Will ProcartaPlex multiplex assays give me the same results for each analyte as my current ELISA tests?
ProcartaPlex multiplex assays, which are based on Luminex xMAP technology, provide a versatile platform that gives users more flexibility and a greater array of options for analyte detection. Whether you are testing for single or multiple analytes, ProcartaPlex multiplex assays deliver accurate analytical performance using efficient, easy-to-follow protocols. Each of these assays has undergone the same development, validation, manufacturing, and quality control standardization we conduct for our ELISAs. Each lot of ProcartaPlex multiplex assays as well as ELISA assays is fully qualified with the appropriate sample type (i.e., species-specific serum, plasma, and cell culture supernatants), and each lot is evaluated based on the following performance characteristics:
Specificity-each analyte is screened to make sure there is no significant cross-reactivity with other analytes in the multiplex test
Sensitivity-each analyte is evaluated for both functional sensitivity (differentiation from background) and lower limit of detection (LLOD)
Precision/accuracy-multiplex assays have good intra-assay precision (<10% CV), inter-assay precision (<10% CV), and lot-to-lot consistency (<20% CV); these values are comparable to or better than most ELISA tests
ProcartaPlex multiplex assays are regularly tested against the matching ELISAs. Therefore, you can switch easily from ProcartaPlex assays to ELISA and vice versa with reliable results. Most of our ProcartaPlex assays use the same antibody pairs as our traditional plate-based ELISAs, resulting in high correlation (R2 > 0.9) between the two assays.
Why should I consider switching from ELISA technology to multiplexing?
ELISA is a simple and powerful way to quantify individual proteins specifically in complex samples. The selectivity of ELISA is achieved through the use of qualified single- or double-antibody sandwich technology, and accurate quantitation is achieved through the use of calibrated standards. ELISAs can detect low-level proteins and can be performed in a 96-well format with only 60 minutes of hands-on time. In addition, the results obtained with ELISAs are generally very reproducible. While ELISA has been established as a standard method of protein analysis, multiplexing methods that enable the measurement of multiple analytes simultaneously in a single sample address a number of specific limitations:
ELISA allows for the measurement of only one analyte at a time in a given sample, limiting investigators' increasing need to measure multiple targets in their research studies.

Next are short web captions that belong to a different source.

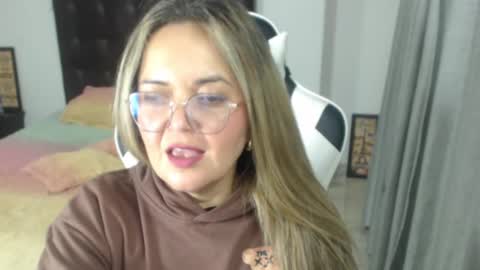 Snapshot of samy_vsn chatting on 02.19.25 samy_vsn online show from 02.19.25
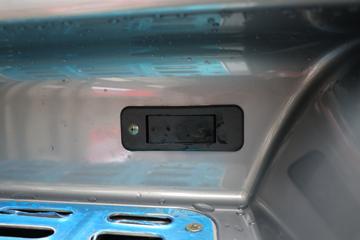 �������� ����HK 580���� 6X4 LNG�Զ���ǣ����(LZ4250H5DM3)ͼƬ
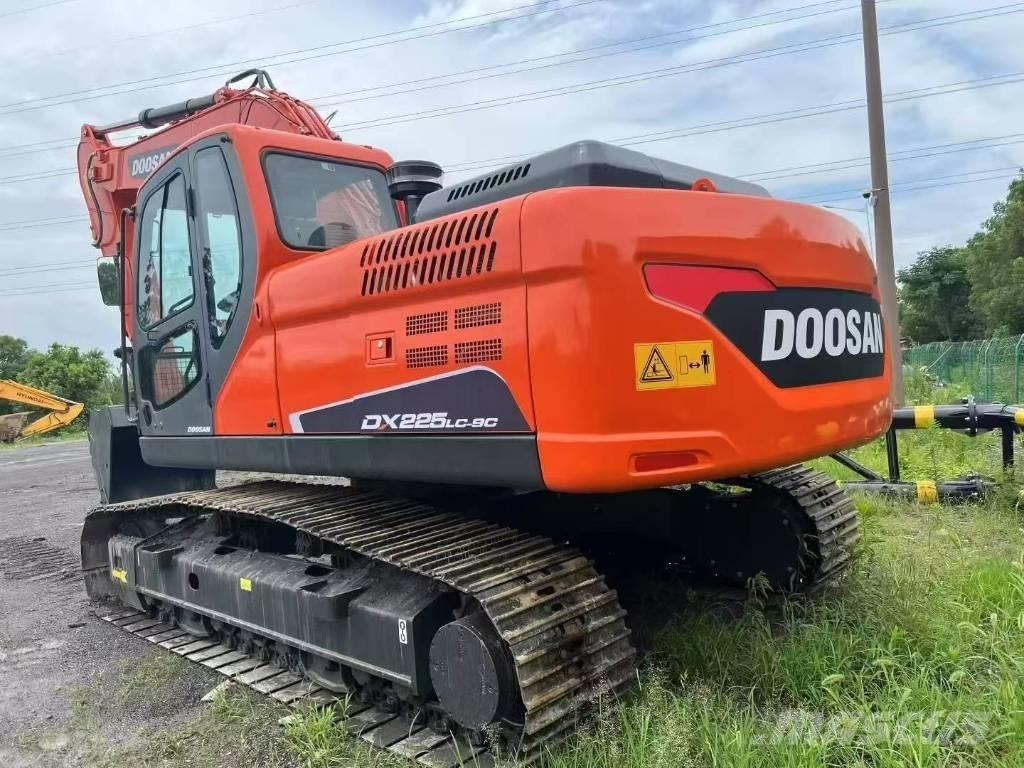 Doosan DX 225LC-9C Excavatoare pe șenile
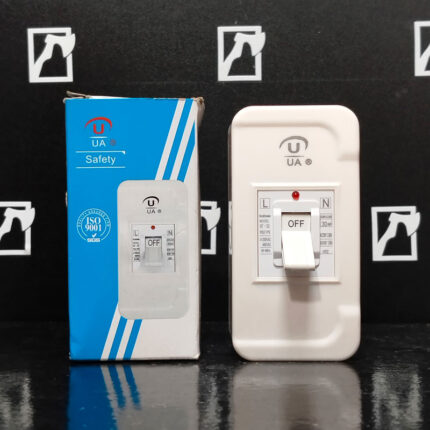 Safety Breaker With Cover UA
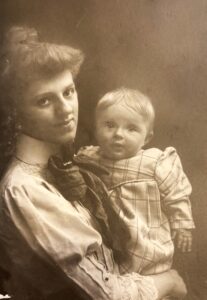 Anna Flügge mit Tochter Margarethe, um 1908 © Ursula Demitter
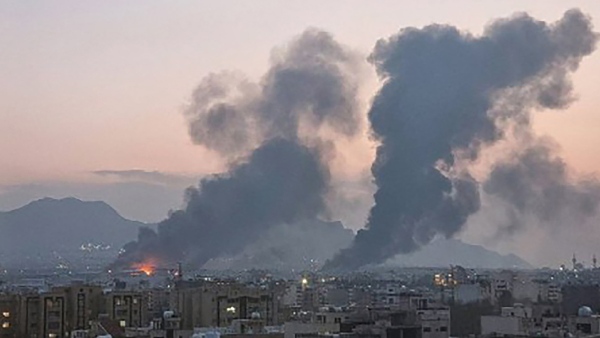  Trump முன்னுக்கு பின் முரண்! வெள்ளை கொடி தூக்கிய பின் ஈரானில் தாக்குதல்.. எரிவாயு தளங்கள் துவம்சம்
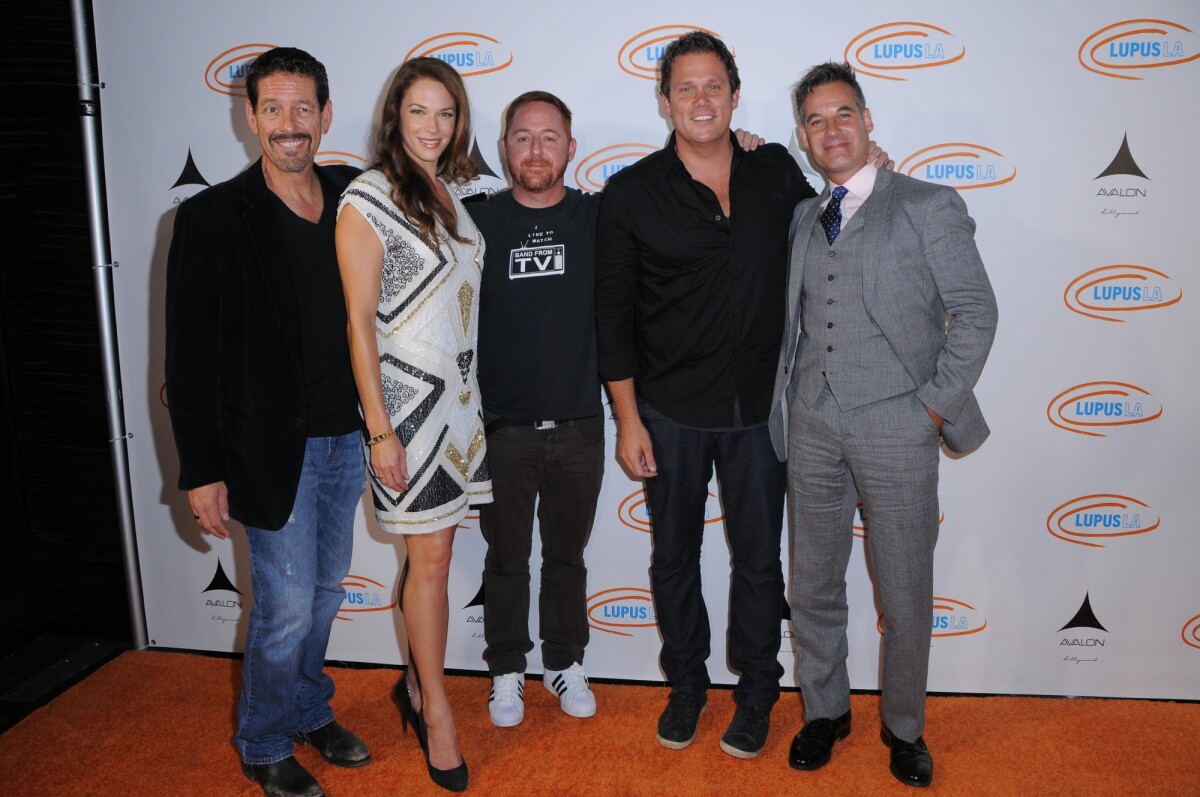 Photo : Amanda Righetti , Scott Grimes, Bob Guiney, Adrian Pasdar au ...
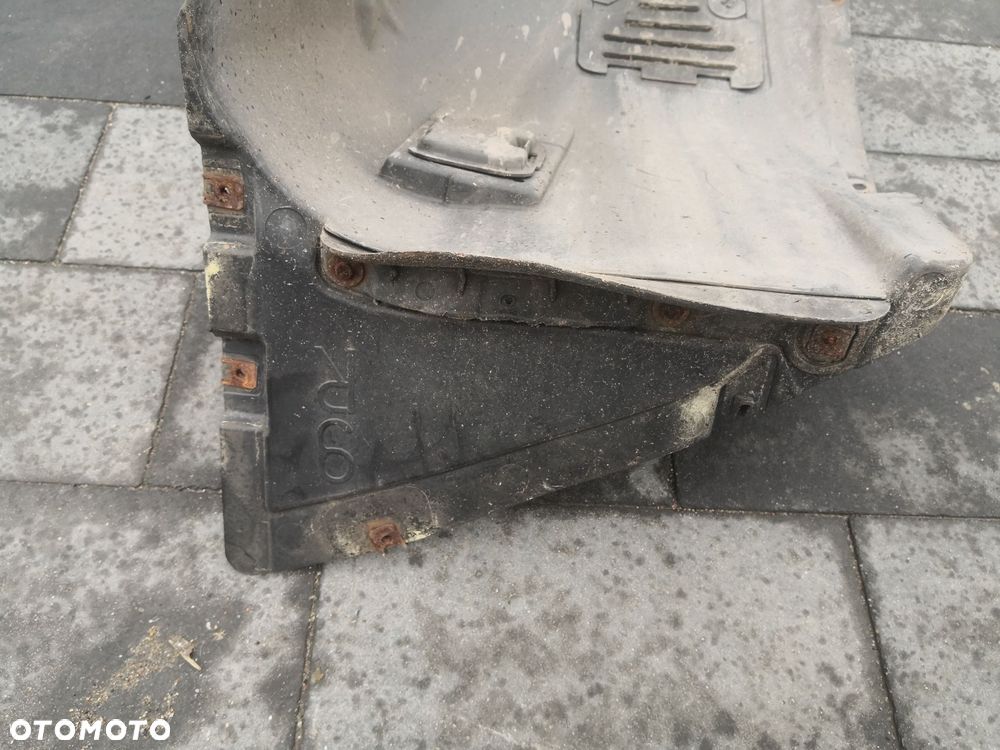 Nadkole przednie prawe BMW e90 e91 - 4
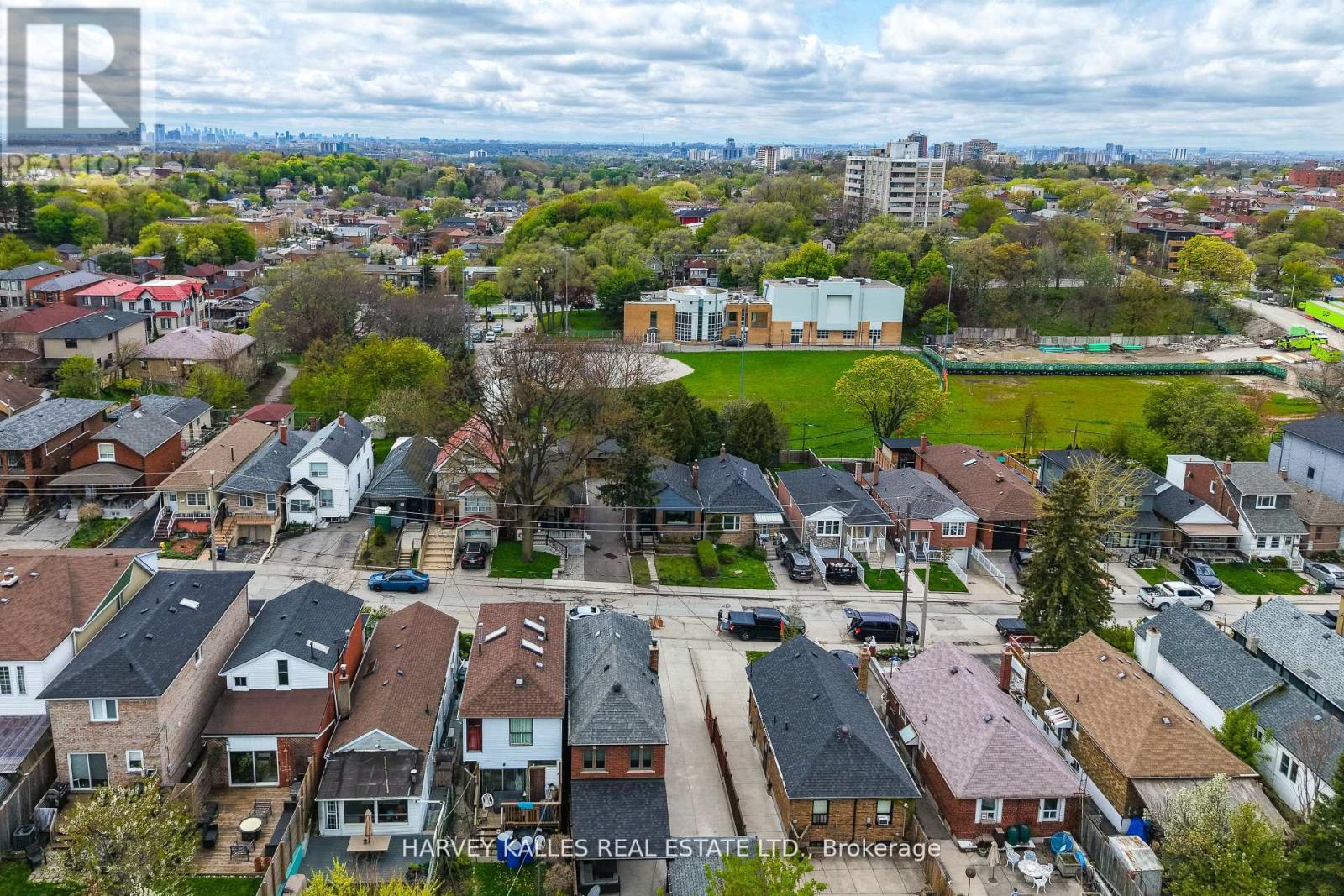 568 Northcliffe Boulevard, Toronto, Ontario  M6E 3L7 - Photo 44 - C13456542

The low available volume of many samples being studied may limit the number of times analyses can be conducted. This is especially true in small animal research, in pediatric testing, and in microplate assays providing limited sample volumes. The ability to assay multiple analytes in a single small-volume sample enables more effective use of each sample.
Difficulties in data interpretation can arise when comparing analyte levels measured by multiple ELISAs, each assay having been performed with different sample aliquots and each susceptible to systematic errors leading to decreased precision and accuracy.
Many analytes require assays with broad dynamic ranges to avoid repeat testing or out-of-range values. Multiplex assays can be designed to have large dynamic ranges for all of the analytes, or ranges tailored to various expected analyte concentrations.
I performed an ELISA assay, and the A450 readings for my duplicate wells were very inconsistent. What could have gone wrong?
Here are possible causes and solutions:
Errors in pipetting the standards or samples or in subsequent steps. Always dispense into wells quickly and in the same order. Do not touch the pipette tip on the individual microwells when dispensing. Use calibrated pipettes and the appropriate tips for that device. Check for any leaks in the pipette tip.
Repetitive use of tips for several samples or different reagents. Use fresh tips for each sample or reagent transfer.
Wells have been scratched with the pipette tip or washing tips. Use caution when dispensing into and aspirating out of microwells.
Liquid transferred from well to well during incubations. Adjust the orbital shaker or check for correct rotator rpm. Peel the adhesive plate cover off carefully.
Incorrect volumes of materials dispensed into the microwells. Follow the protocol for dispensing volumes of reagents. Check calibration of the pipettes.
Standard diluted with the serum, culture medium, or other buffer. Dilute the standard with the standard diluent buffer provided in the kit.
Particulates or precipitates present in the samples. Remove any particulates/precipitates by centrifugation prior to dispensing into the assay.
Dirty microwells: visible debris within or on bottom of microwells. Inspect the microwells and invert the plate to remove debris. Wipe the bottom of the plate with an absorbent tissue after each wash step. Never insert tissue into the microwells.
“Edge effect” due to uneven temperature between the outer-edge wells and the wells in the center of the plate. Seal the plate completely with a cover during incubations, and place the plate in the center of the incubator when 37 degrees C incubation is indicated.
I got a poor standard curve after my ELISA. Why is this?
Here are possible causes and solutions:
Improper preparation of standard stock solution.Dilute the lyophilized standard as directed on the vial label, only with the standard diluent buffer or a diluent that most closely matches the matrix of your sample.
Reagents (lyophilized standard, standard diluent buffer, etc.) from different kits, with either different analytes or different lot numbers, were substituted. Never substitute any components from another kit.
Errors in pipetting the standard or in subsequent steps. Always dispense into wells quickly and in the same order. Do not touch the pipette tips on the individual microwells when dispensing. Use calibrated pipettes and the appropriate tips for that device.
I see very weak to no color development after my ELISA. What happened?
Here are possible causes and solutions:
Reagents not at room temperature (approximately 25 plus or minus 2 degrees C) at start of assay. Allow all reagents to warm to room temperature prior to commencing the assay.
Incorrect storage of components, e.g., not stored at 2-8 degrees C. Store all components exactly as directed in the protocol and on labels.
Anti-rabbit IgG HRP or streptavidin-HRP working solution made more than 15 minutes before use in assay. Use the diluted anti-rabbit IgG HRP or streptavidin-HRP within 15 minutes of dilution.
Expired reagents.Check expiration dates upon receipt of kit and use the kit prior to expiration.
Plate read at incorrect wavelength. The correct wavelength to read ELISAs using the TMB substrate is 450 nm.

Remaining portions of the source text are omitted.